**DATA RECORDS:**

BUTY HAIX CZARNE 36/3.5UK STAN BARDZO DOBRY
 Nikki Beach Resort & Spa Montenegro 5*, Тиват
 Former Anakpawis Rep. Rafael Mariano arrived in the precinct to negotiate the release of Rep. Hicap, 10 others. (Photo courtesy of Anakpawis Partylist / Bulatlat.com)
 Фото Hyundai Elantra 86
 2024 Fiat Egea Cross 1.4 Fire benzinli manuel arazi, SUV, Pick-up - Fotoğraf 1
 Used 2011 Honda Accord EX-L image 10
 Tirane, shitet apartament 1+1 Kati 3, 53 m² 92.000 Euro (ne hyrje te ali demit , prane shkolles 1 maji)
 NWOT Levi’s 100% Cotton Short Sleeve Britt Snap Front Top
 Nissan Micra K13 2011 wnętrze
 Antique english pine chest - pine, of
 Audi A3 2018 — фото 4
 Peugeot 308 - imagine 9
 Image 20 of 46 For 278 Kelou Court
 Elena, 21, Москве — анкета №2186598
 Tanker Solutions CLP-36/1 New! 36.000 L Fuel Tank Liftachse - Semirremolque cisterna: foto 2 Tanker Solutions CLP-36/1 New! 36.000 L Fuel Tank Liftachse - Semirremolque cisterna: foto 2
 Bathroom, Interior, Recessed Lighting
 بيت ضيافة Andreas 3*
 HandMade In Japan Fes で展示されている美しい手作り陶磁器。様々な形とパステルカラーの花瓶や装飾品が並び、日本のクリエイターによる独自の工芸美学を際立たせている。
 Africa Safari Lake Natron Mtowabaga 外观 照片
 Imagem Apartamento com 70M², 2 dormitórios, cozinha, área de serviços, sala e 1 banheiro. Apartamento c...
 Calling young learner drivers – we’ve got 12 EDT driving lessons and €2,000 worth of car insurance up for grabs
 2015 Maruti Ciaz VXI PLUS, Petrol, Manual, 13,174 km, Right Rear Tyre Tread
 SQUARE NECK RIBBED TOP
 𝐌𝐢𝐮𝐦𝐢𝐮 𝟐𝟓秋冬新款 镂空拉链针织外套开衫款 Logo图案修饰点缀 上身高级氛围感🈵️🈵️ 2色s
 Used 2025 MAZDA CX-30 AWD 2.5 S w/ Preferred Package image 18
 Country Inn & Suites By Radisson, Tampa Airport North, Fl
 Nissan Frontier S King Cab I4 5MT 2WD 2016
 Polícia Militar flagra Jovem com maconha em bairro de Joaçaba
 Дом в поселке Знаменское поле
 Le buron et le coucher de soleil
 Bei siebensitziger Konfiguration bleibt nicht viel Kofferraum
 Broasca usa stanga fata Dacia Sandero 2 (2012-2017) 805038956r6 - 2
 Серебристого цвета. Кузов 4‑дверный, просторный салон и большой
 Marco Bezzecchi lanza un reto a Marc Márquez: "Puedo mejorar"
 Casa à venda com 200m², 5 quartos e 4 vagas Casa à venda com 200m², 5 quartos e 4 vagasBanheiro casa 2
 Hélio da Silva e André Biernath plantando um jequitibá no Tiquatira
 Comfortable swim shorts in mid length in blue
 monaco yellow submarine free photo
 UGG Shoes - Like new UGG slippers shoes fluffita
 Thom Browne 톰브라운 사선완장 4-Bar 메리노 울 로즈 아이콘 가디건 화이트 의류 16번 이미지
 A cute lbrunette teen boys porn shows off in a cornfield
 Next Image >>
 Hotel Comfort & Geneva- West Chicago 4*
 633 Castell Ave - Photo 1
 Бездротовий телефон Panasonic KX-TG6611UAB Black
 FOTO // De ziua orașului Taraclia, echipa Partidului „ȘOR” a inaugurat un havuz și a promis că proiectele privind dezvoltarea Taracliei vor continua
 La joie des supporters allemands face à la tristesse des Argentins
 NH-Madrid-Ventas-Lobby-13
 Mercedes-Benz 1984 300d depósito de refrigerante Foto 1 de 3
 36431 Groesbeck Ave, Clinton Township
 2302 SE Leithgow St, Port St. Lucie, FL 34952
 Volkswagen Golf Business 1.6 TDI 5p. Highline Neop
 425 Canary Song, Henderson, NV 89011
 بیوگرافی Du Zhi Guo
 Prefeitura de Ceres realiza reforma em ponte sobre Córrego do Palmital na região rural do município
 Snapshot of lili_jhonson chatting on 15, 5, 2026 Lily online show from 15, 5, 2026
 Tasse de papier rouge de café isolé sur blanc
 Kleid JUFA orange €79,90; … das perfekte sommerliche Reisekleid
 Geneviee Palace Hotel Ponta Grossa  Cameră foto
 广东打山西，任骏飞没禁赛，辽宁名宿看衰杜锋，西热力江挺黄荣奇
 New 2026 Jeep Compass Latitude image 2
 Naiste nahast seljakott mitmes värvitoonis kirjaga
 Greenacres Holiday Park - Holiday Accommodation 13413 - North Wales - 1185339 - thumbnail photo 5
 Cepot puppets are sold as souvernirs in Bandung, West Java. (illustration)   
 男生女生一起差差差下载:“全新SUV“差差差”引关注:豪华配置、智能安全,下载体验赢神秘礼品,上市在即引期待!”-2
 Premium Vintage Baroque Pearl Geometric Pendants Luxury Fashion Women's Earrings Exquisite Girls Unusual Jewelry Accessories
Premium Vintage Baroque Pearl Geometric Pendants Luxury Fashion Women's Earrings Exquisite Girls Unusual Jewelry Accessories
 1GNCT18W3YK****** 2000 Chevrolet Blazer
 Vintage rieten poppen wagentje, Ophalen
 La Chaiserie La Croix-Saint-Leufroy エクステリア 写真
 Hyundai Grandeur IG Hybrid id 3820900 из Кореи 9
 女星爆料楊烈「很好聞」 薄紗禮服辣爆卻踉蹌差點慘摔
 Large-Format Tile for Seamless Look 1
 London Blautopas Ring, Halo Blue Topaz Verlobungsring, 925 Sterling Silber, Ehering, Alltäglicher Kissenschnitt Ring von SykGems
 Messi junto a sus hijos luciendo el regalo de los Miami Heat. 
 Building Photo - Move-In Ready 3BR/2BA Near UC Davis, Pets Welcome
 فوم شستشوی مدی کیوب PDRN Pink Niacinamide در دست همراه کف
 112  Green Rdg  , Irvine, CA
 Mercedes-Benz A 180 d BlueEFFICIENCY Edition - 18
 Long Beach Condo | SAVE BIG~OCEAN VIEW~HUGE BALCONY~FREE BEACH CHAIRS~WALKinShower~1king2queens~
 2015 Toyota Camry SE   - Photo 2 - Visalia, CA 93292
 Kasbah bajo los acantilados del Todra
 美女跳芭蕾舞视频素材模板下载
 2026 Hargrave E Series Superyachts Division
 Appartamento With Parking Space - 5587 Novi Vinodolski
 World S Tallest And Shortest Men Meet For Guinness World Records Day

**WHAT YOU WILL DO:**
Exactly as they appear, restate all of the entries.

**TASK SOLUTION:**
BUTY HAIX CZARNE 36/3.5UK STAN BARDZO DOBRY
 Nikki Beach Resort & Spa Montenegro 5*, Тиват
 Former Anakpawis Rep. Rafael Mariano arrived in the precinct to negotiate the release of Rep. Hicap, 10 others. (Photo courtesy of Anakpawis Partylist / Bulatlat.com)
 Фото Hyundai Elantra 86
 2024 Fiat Egea Cross 1.4 Fire benzinli manuel arazi, SUV, Pick-up - Fotoğraf 1
 Used 2011 Honda Accord EX-L image 10
 Tirane, shitet apartament 1+1 Kati 3, 53 m² 92.000 Euro (ne hyrje te ali demit , prane shkolles 1 maji)
 NWOT Levi’s 100% Cotton Short Sleeve Britt Snap Front Top
 Nissan Micra K13 2011 wnętrze
 Antique english pine chest - pine, of
 Audi A3 2018 — фото 4
 Peugeot 308 - imagine 9
 Image 20 of 46 For 278 Kelou Court
 Elena, 21, Москве — анкета №2186598
 Tanker Solutions CLP-36/1 New! 36.000 L Fuel Tank Liftachse - Semirremolque cisterna: foto 2 Tanker Solutions CLP-36/1 New! 36.000 L Fuel Tank Liftachse - Semirremolque cisterna: foto 2
 Bathroom, Interior, Recessed Lighting
 بيت ضيافة Andreas 3*
 HandMade In Japan Fes で展示されている美しい手作り陶磁器。様々な形とパステルカラーの花瓶や装飾品が並び、日本のクリエイターによる独自の工芸美学を際立たせている。
 Africa Safari Lake Natron Mtowabaga 外观 照片
 Imagem Apartamento com 70M², 2 dormitórios, cozinha, área de serviços, sala e 1 banheiro. Apartamento c...
 Calling young learner drivers – we’ve got 12 EDT driving lessons and €2,000 worth of car insurance up for grabs
 2015 Maruti Ciaz VXI PLUS, Petrol, Manual, 13,174 km, Right Rear Tyre Tread
 SQUARE NECK RIBBED TOP
 𝐌𝐢𝐮𝐦𝐢𝐮 𝟐𝟓秋冬新款 镂空拉链针织外套开衫款 Logo图案修饰点缀 上身高级氛围感🈵️🈵️ 2色s
 Used 2025 MAZDA CX-30 AWD 2.5 S w/ Preferred Package image 18
 Country Inn & Suites By Radisson, Tampa Airport North, Fl
 Nissan Frontier S King Cab I4 5MT 2WD 2016
 Polícia Militar flagra Jovem com maconha em bairro de Joaçaba
 Дом в поселке Знаменское поле
 Le buron et le coucher de soleil
 Bei siebensitziger Konfiguration bleibt nicht viel Kofferraum
 Broasca usa stanga fata Dacia Sandero 2 (2012-2017) 805038956r6 - 2
 Серебристого цвета. Кузов 4‑дверный, просторный салон и большой
 Marco Bezzecchi lanza un reto a Marc Márquez: "Puedo mejorar"
 Casa à venda com 200m², 5 quartos e 4 vagas Casa à venda com 200m², 5 quartos e 4 vagasBanheiro casa 2
 Hélio da Silva e André Biernath plantando um jequitibá no Tiquatira
 Comfortable swim shorts in mid length in blue
 monaco yellow submarine free photo
 UGG Shoes - Like new UGG slippers shoes fluffita
 Thom Browne 톰브라운 사선완장 4-Bar 메리노 울 로즈 아이콘 가디건 화이트 의류 16번 이미지
 A cute lbrunette teen boys porn shows off in a cornfield
 Next Image >>
 Hotel Comfort & Geneva- West Chicago 4*
 633 Castell Ave - Photo 1
 Бездротовий телефон Panasonic KX-TG6611UAB Black
 FOTO // De ziua orașului Taraclia, echipa Partidului „ȘOR” a inaugurat un havuz și a promis că proiectele privind dezvoltarea Taracliei vor continua
 La joie des supporters allemands face à la tristesse des Argentins
 NH-Madrid-Ventas-Lobby-13
 Mercedes-Benz 1984 300d depósito de refrigerante Foto 1 de 3
 36431 Groesbeck Ave, Clinton Township
 2302 SE Leithgow St, Port St. Lucie, FL 34952
 Volkswagen Golf Business 1.6 TDI 5p. Highline Neop
 425 Canary Song, Henderson, NV 89011
 بیوگرافی Du Zhi Guo
 Prefeitura de Ceres realiza reforma em ponte sobre Córrego do Palmital na região rural do município
 Snapshot of lili_jhonson chatting on 15, 5, 2026 Lily online show from 15, 5, 2026
 Tasse de papier rouge de café isolé sur blanc
 Kleid JUFA orange €79,90; … das perfekte sommerliche Reisekleid
 Geneviee Palace Hotel Ponta Grossa  Cameră foto
 广东打山西，任骏飞没禁赛，辽宁名宿看衰杜锋，西热力江挺黄荣奇
 New 2026 Jeep Compass Latitude image 2
 Naiste nahast seljakott mitmes värvitoonis kirjaga
 Greenacres Holiday Park - Holiday Accommodation 13413 - North Wales - 1185339 - thumbnail photo 5
 Cepot puppets are sold as souvernirs in Bandung, West Java. (illustration)   
 男生女生一起差差差下载:“全新SUV“差差差”引关注:豪华配置、智能安全,下载体验赢神秘礼品,上市在即引期待!”-2
 Premium Vintage Baroque Pearl Geometric Pendants Luxury Fashion Women's Earrings Exquisite Girls Unusual Jewelry Accessories
Premium Vintage Baroque Pearl Geometric Pendants Luxury Fashion Women's Earrings Exquisite Girls Unusual Jewelry Accessories
 1GNCT18W3YK****** 2000 Chevrolet Blazer
 Vintage rieten poppen wagentje, Ophalen
 La Chaiserie La Croix-Saint-Leufroy エクステリア 写真
 Hyundai Grandeur IG Hybrid id 3820900 из Кореи 9
 女星爆料楊烈「很好聞」 薄紗禮服辣爆卻踉蹌差點慘摔
 Large-Format Tile for Seamless Look 1
 London Blautopas Ring, Halo Blue Topaz Verlobungsring, 925 Sterling Silber, Ehering, Alltäglicher Kissenschnitt Ring von SykGems
 Messi junto a sus hijos luciendo el regalo de los Miami Heat. 
 Building Photo - Move-In Ready 3BR/2BA Near UC Davis, Pets Welcome
 فوم شستشوی مدی کیوب PDRN Pink Niacinamide در دست همراه کف
 112  Green Rdg  , Irvine, CA
 Mercedes-Benz A 180 d BlueEFFICIENCY Edition - 18
 Long Beach Condo | SAVE BIG~OCEAN VIEW~HUGE BALCONY~FREE BEACH CHAIRS~WALKinShower~1king2queens~
 2015 Toyota Camry SE   - Photo 2 - Visalia, CA 93292
 Kasbah bajo los acantilados del Todra
 美女跳芭蕾舞视频素材模板下载
 2026 Hargrave E Series Superyachts Division
 Appartamento With Parking Space - 5587 Novi Vinodolski
 World S Tallest And Shortest Men Meet For Guinness World Records Day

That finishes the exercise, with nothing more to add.